This is a code that (seems to) work but I'm looking for a way to shorten my code. Which implements custom stemming or grouping of words.
# Simple reproducible example:
library(tm)
vec <- c("partners, very good", "partnery SOso Goodish!", "partna goodies",
"Good night")
corp <- Corpus(VectorSource(vec))
corp <- tm_map(corp, tolower)
corp <- tm_map(corp, removePunctuation)
# Custom stemming (how to shorten this code and avoid reptition)
corp <- tm_map(
corp,
content_transformer(gsub),
pattern = "good[^ ]*",
replacement = "good"
)
corp <- tm_map(
corp,
content_transformer(gsub),
pattern = "partn[^ ]*",
replacement = "partn"
)
Background: I can't use standard stemming methods since:
- No stemming algorithms for the language of the text I'm analysing have been developed.

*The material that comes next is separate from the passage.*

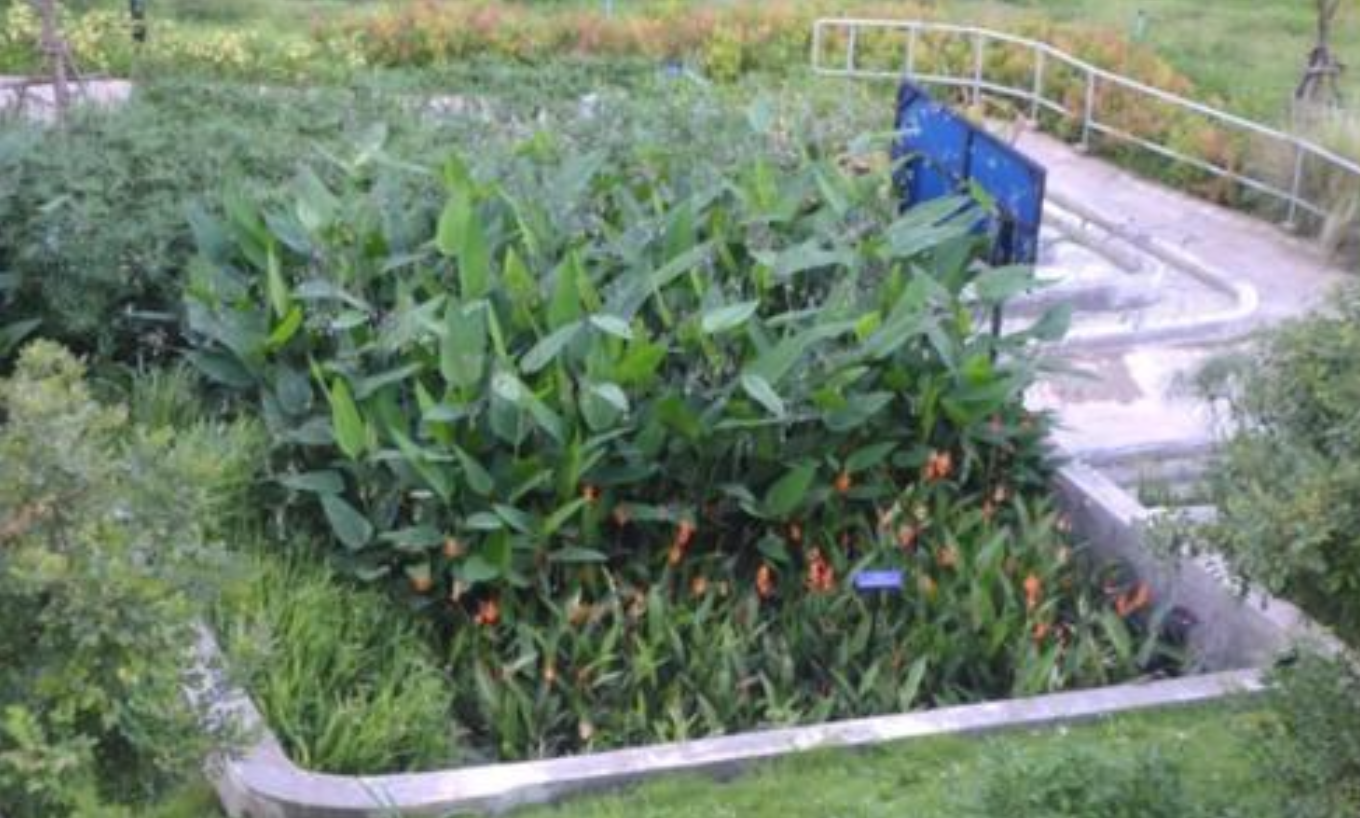 Wastewater treatment system that mimics natural processes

- I'm using the code to group terms that are closely related in meaning (but not spelling) for later feeding the data to clustering algorithms.
EDIT
I've reached a somewhat satisfactory and more scalable solution but I still have a feeling this is not the way this should be done...
# Make a list of pattern/replacment pairs
steml <- list(
c("good[^ ]*", "good"),
c("partn[^ ]*", "partn")
)
for (pair in seq_along(steml)) {
corp <- tm_map(
corp,
content_transformer(gsub),
pattern = steml[[pair]][1],
replacement = steml[[pair]][2]
)
}